== Segment start ==

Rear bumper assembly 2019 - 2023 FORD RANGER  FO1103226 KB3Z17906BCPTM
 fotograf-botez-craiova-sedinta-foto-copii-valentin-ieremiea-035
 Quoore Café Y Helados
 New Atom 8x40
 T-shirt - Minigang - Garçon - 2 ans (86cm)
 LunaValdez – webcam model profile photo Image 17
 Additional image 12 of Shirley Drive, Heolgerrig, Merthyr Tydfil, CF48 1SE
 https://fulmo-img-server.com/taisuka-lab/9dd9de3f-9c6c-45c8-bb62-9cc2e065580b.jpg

== Segment end ==

**WHAT IS BEING ASKED:**
Exactly the lines from the line holding "New Atom 8x40" through the close of the listing above make up the answer; include nothing else.

**ANSWER SPACE:**
 New Atom 8x40
 T-shirt - Minigang - Garçon - 2 ans (86cm)
 LunaValdez – webcam model profile photo Image 17
 Additional image 12 of Shirley Drive, Heolgerrig, Merthyr Tydfil, CF48 1SE
 https://fulmo-img-server.com/taisuka-lab/9dd9de3f-9c6c-45c8-bb62-9cc2e065580b.jpg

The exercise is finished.